03 the turning point: Secret Diary of a Businesswoman

I was learning and growing in the corporate environment, both, mentally and financially, it seemed like my business aspiration took a back seat because I was enjoying my work.  I  entered the beautiful phase of marriage and then was blessed with a baby girl. So the personal life was also growing well with career. I took a maternity break of three months which was usual in most organisations at that time.

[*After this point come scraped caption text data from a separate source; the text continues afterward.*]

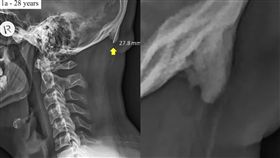 低頭族,手機,骨刺,健康,身體,警訊,危害,滑手機, 圖/翻攝自推特 https://parg.co/RCw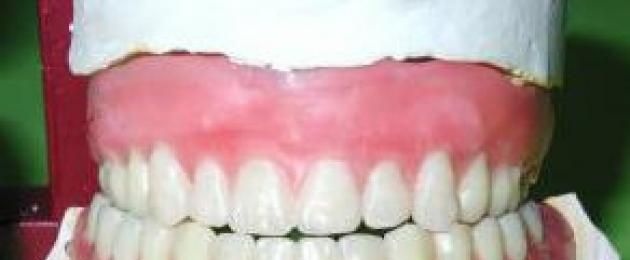Как держатся зубы в челюсти. Особенности строения зубов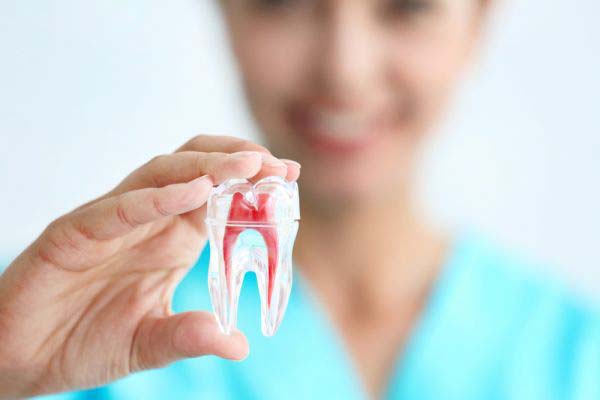 Your Top Questions Related To Root Canal Treatment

Since I completed more than 2 years in the organization, my promotion was due. However, during my maternity break, this came to me as a shock that my boss, who was demanding at work, didn’t promote me. I felt disappointed but was still optimistic. I made an effort to meet her during my break. On being asked why I am not promoted despite best efforts, she said, “You have just delivered a baby and for the next 6 months you will be going home early you know.” She also added that the HR Manager also feels that way. “Early” here means mostly an hour after office time. We were normally used to stay back for an average of 2.5 hours after office hours as a team. The thought in my head was 'When my pregnancy never affected my work, how my motherhood will impact my productivity'.  

More than a bump of not getting promoted, I was upset about the fact that the two women who made this decision were both mothers. I was offered a great salary hike to make up for it. I had seen a few cases where women were not given their dues just because they went through different phases of life. However, I never thought this can happen to me.

Today things might be much better for women, but back then it changed something in me. There is no connection between becoming a mother and productivity at work unless there are extreme situations.  I realized in a job the outcome of your efforts will always be controlled by someone else. It's when I decided to create my own identity rather than working for 9:00 to 9:00 thankless jobs.

While I was contemplating my next move to pursue a full-time Ph.d. Just after my farewell, I received an offer through a LinkedIn connection. It was for a Corporate Strategy role with a promising future and more autonomy. It got me excited and I joined one of the biggest Infrastructure Financing Company in India. I was clear in my head that if this one didn’t work out, I will quit my corporate career. I always followed a rule in life. Four Monday morning blues in a row means time to quit. Exactly the same happened. In eight months I started having Monday morning blues primary reason, a bullying boss. It’s so tragic often people in leading roles, fail to see their behavior patterns. 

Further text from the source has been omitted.